37 hours

I’m a fuckin weirdo. I’m not joking around, it’s a pretty accurate statement. I also feel like I should state this as a disclaimer. I should probably also tell you I’ve been awake for 37 hours straight, give or take a few minutes. I don’t know, I feel like I should tell you all this now before we go any further. Maybe let you make the decision to read on or not now before you get too invested.


Also, to be fair, I didn’t eat yesterday. I think. I’m pretty sure. Nope, did not eat yesterday. There’s a precipice in both of those arcs, sleep and hunger, where your body just stops caring. Sure you’re tired and sure you’re hungry, but it’s become an extension of your body, you see. Almost like an appendix. An extra worthless appendage that just exists within your body.


Underneath your eyes the skin there doesn’t become black, more a deep shade of purple with blue veins protruding starkly where natural skin tone should be. They become raised and puffy and sore to the touch. Things stop making sense as quickly as they used to. Auditory hallucinations become pretty frequent. I swear just a little bit ago I heard a woman climaxing. Or maybe that was the porn I watched last night while masturbating in the hopes that my own orgasm would allow me to sleep. Spoiler alert, it didn’t work. Instead, I cried for several hours without being able to stop or fall asleep afterwards.

It’s odd, living so close to a big city and being awake for over a 24 hour period. You can see and hear the life and death of a city’s day. The cars driving by in the morning rush, honking horns of frustrated motorists, the conversations of pedestrians as they walk by. And in the throes of its death, you can hear the city winding down as the cars again rush by in opposite directions heading home. The random car as it drives by on the lonely road at midnight.

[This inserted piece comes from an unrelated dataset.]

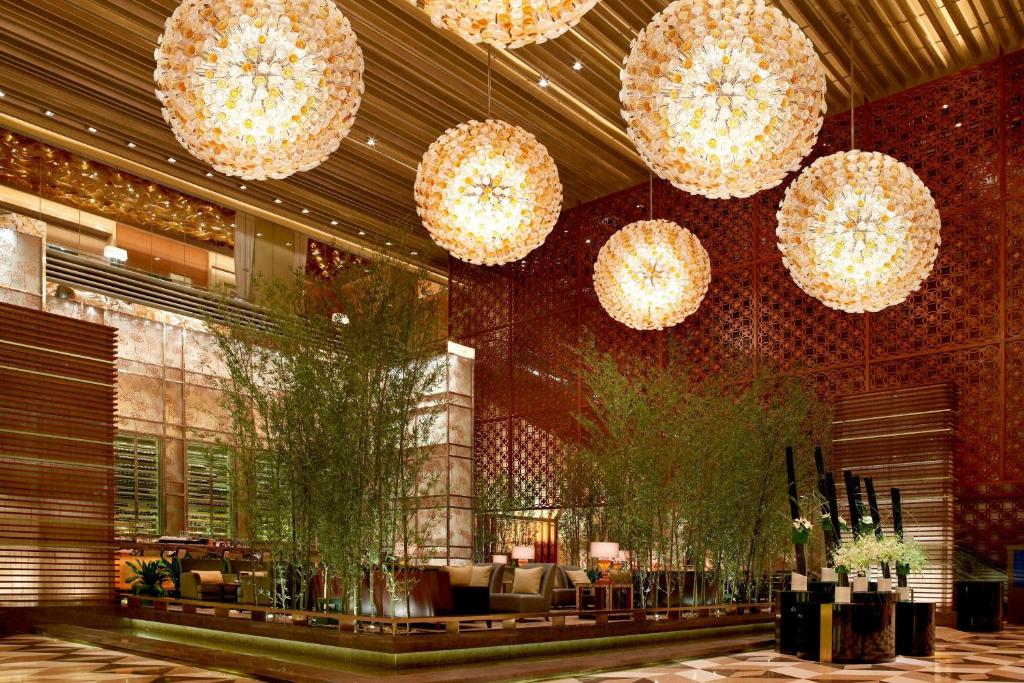 天津天津君隆威斯汀酒店的大堂设有大灯和桌椅
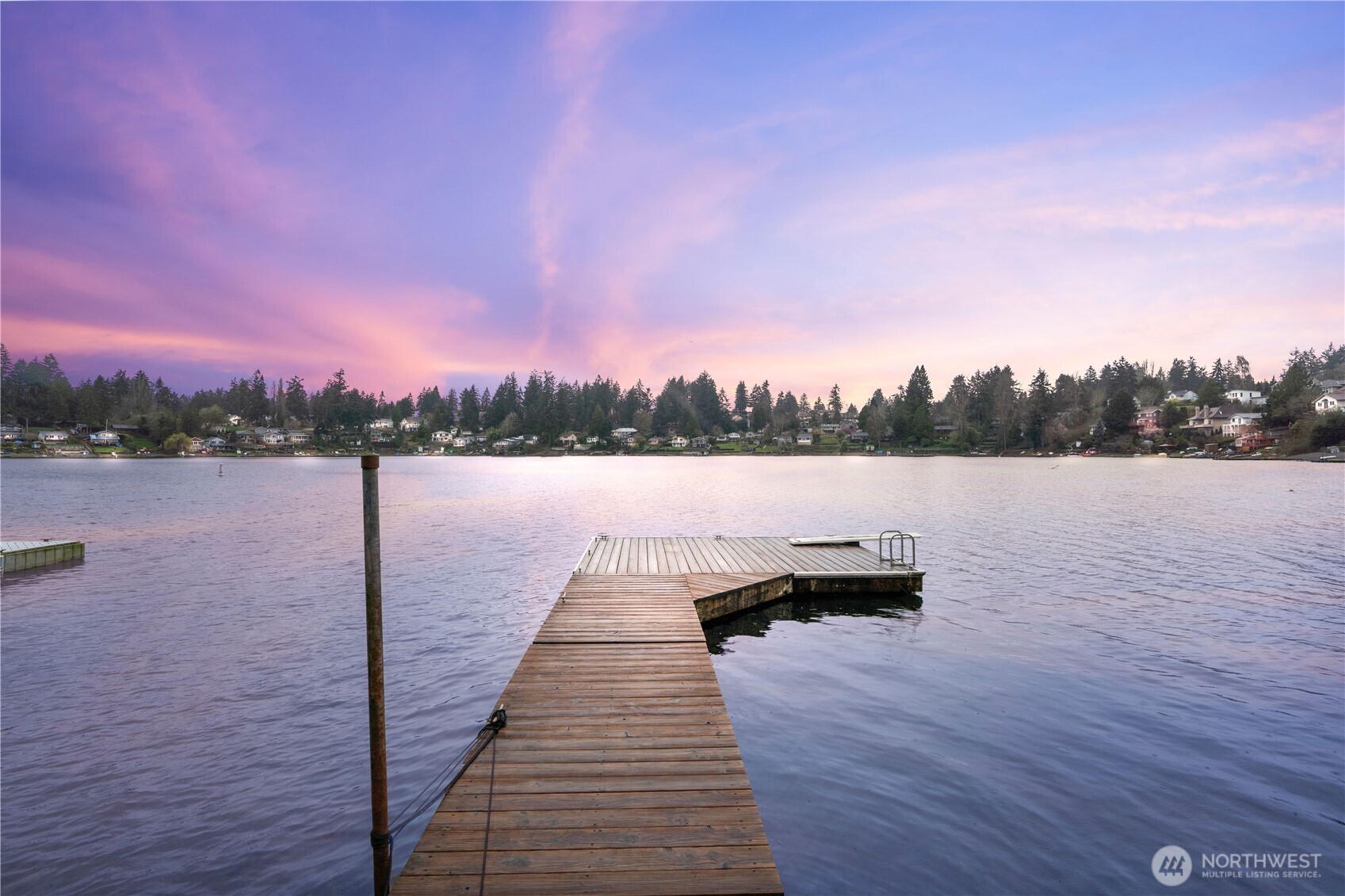 180 Lake Louise Drive SW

You forget the last time you did daily things like brush your teeth or took a shower or changed your clothes. Time feels as if it both inches and flies by. You lose track of what time it is, what day it is. You lose track of where you are, what you’re doing.


Okay let me backtrack a bit and give you some backfill. I’ve had issues with sleep pretty much as far back as I can remember. I won’t go into it because there’s a story I’ve already written regarding the details of that particular issue. When I was in the Navy it was like a competition almost, to see who could get less sleep and function. You were trained, literally, from day one to function on little to no sleep for days. They didn’t care how little sleep you got. There’s a hallway to sweep so get your red-lensed flashlight and sweep the fucking bridge at 4 in the morning because some douchebag officer orders you to do it. Better listen, he’s an officer. Sarcastic font. I’m pretty sure that didn’t positively impact the culture at Chez Sturdivant.


Your joints ache. Your body aches, more accurately. I did the polar plunge when I was in my early 20’s, you hurt like when you’re submerged in the icy water. And things become both sharper and fuzzier. Best way I can describe it is everything you see is in ultra HD but you can’t recall the exact clarity with which you viewed things, if you even remember them at all. Simple tasks become complex and difficult to complete, like tying your boots or cooking for yourself.


You blank out for several moments at a time, kind of as if a movie was playing and several of the frames were removed in different places, so it just skips forward and when you realize it skipped you can’t remember what you were doing before. Disorientation and dizziness and lightheadedness are all prevalent. You yearn to be comfortable in your bed with the blankets pulled snugly around you. When you lie down in it, all you can seem to do is stare at the bumpy white ceiling, thoughts racing in your head but squirming out of your grasp as you try to progress them further along.


Basically, it sucks. You see, I haven’t ever known what it’s like to sleep soundly every night. To me, a full night’s sleep is 3 or 4 hours, not 8 or 9. I laugh in doctor’s faces when they say that to me. The doc I have now doesn’t even tell me anymore. Sleeping pills don’t work, even though they work for everyone else.


I pace back and forth in my apartment, getting up from my recliner and walking to my patio, back to my bathroom, then to the kitchen, back to the living room window, to the bedroom for another 10 minutes of fruitless torture lying in bed, then back to the recliner. I find myself falling asleep while sitting on the toilet to take a shit, or sitting at my dining room table to eat food, or sitting in my recliner watching movies or playing video games, so I head to my bed and the minute I walk into my bedroom I’m wide fucking awake. Like a goddamn light switch. I’ve already told you. Fucking weirdo.